Entries provided:
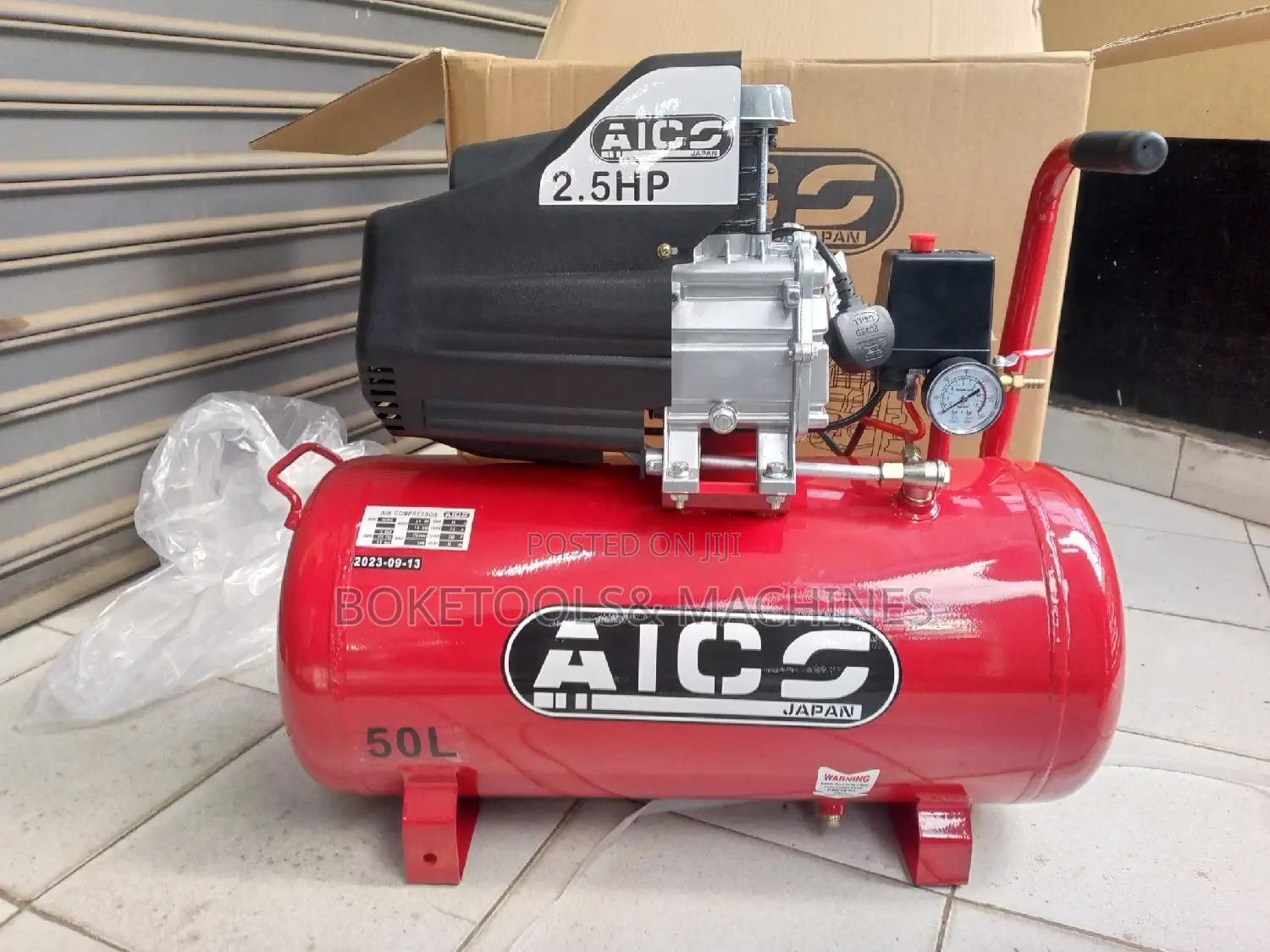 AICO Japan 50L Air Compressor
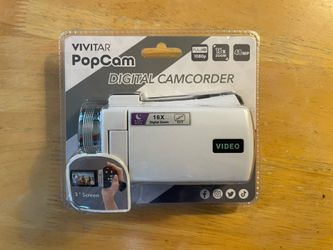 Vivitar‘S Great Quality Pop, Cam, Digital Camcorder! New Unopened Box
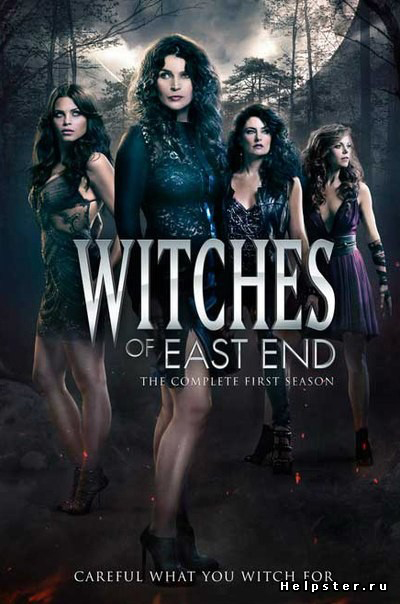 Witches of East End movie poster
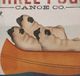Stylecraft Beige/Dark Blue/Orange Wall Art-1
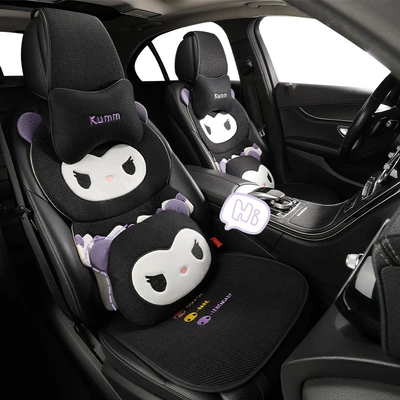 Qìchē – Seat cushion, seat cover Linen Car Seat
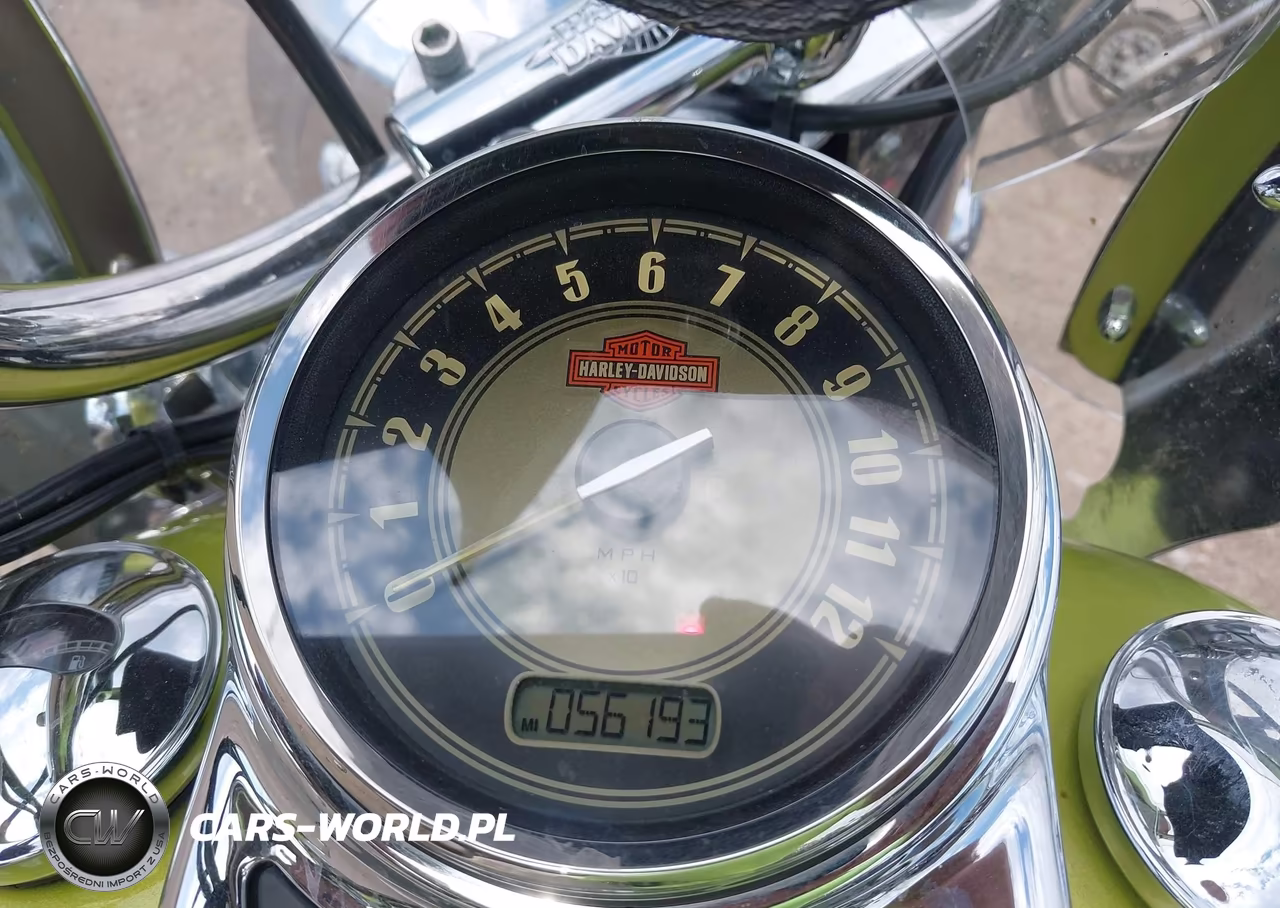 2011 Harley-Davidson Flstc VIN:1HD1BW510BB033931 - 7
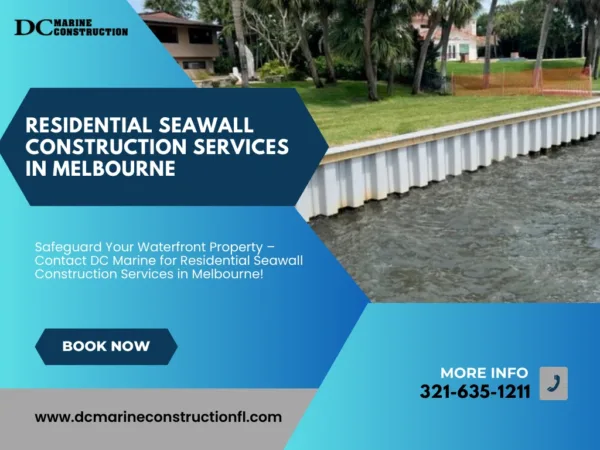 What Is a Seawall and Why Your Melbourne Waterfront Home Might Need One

--

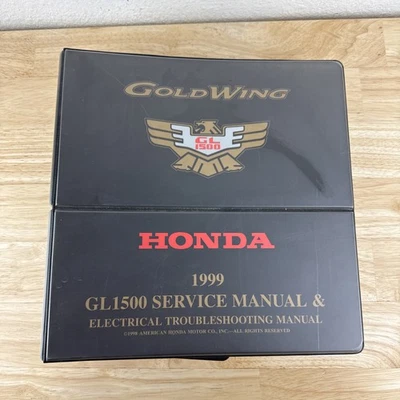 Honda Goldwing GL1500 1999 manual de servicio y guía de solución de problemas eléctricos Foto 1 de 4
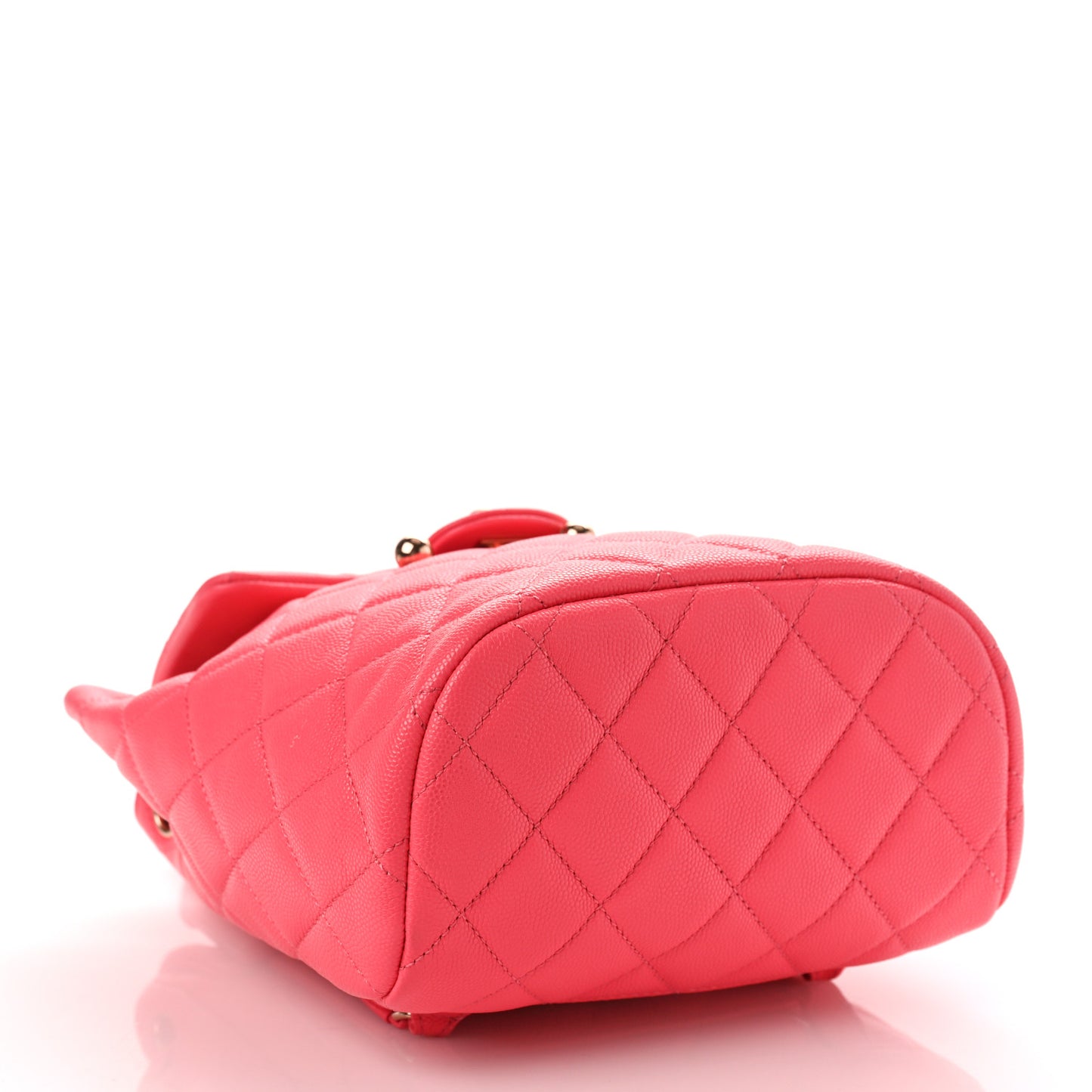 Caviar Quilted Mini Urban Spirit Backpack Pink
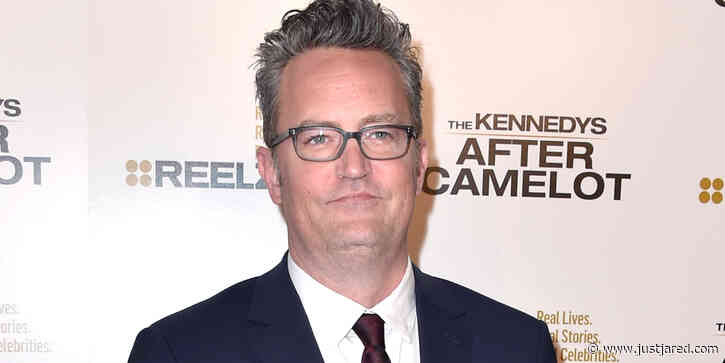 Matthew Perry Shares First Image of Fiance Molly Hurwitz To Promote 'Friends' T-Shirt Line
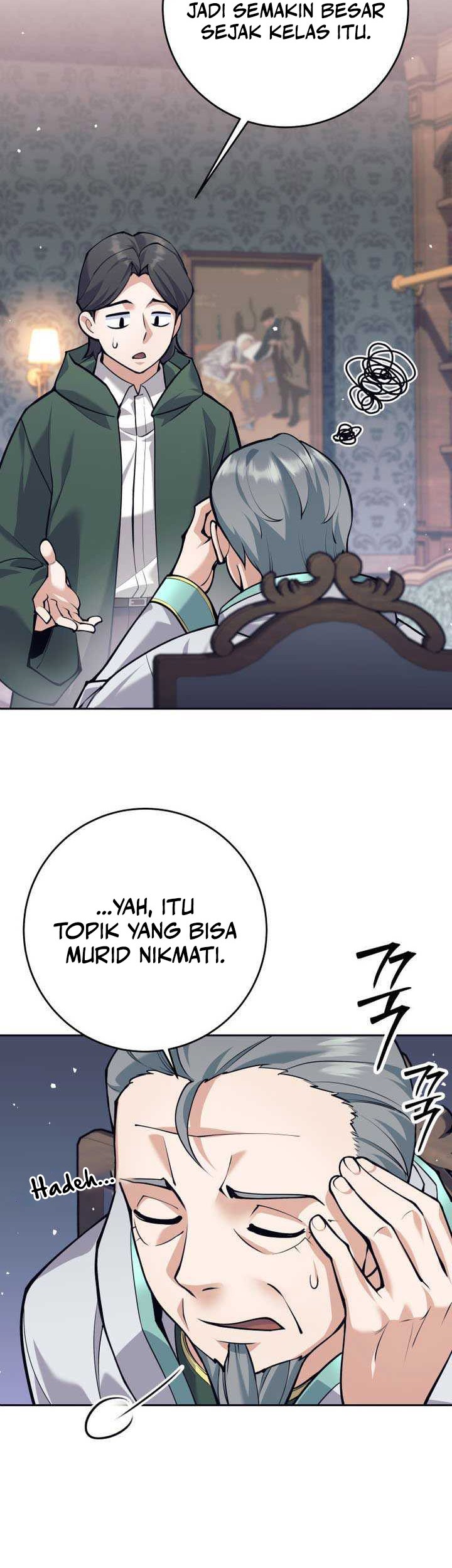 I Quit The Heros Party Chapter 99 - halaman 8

...

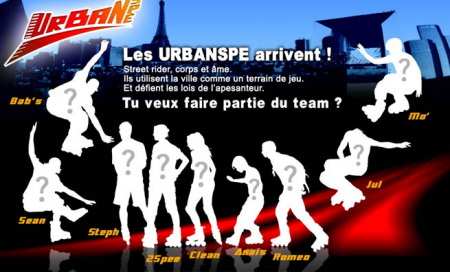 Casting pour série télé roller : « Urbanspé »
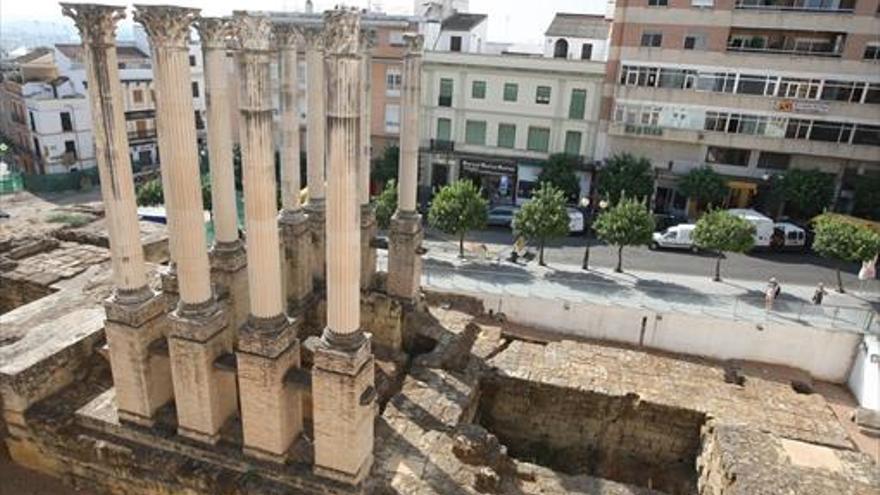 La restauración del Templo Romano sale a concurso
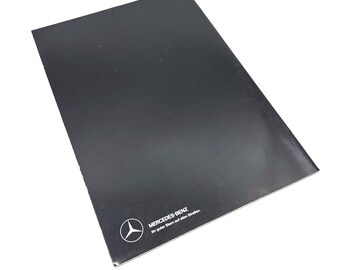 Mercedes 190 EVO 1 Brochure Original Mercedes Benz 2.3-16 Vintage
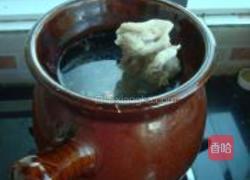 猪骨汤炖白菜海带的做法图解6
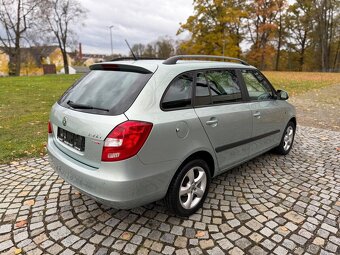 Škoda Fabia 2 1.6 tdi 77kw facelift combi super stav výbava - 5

Exercise:
Above, find the line holding "AICO Japan 50L Air Compressor" and the line holding "What Is a Seawall". Print exactly those two lines and every line between them, but no pictures.

Solution to this problem:
 AICO Japan 50L Air Compressor
 Vivitar‘S Great Quality Pop, Cam, Digital Camcorder! New Unopened Box
 Witches of East End movie poster
Stylecraft Beige/Dark Blue/Orange Wall Art-1
 Qìchē – Seat cushion, seat cover Linen Car Seat
 2011 Harley-Davidson Flstc VIN:1HD1BW510BB033931 - 7
 What Is a Seawall and Why Your Melbourne Waterfront Home Might Need One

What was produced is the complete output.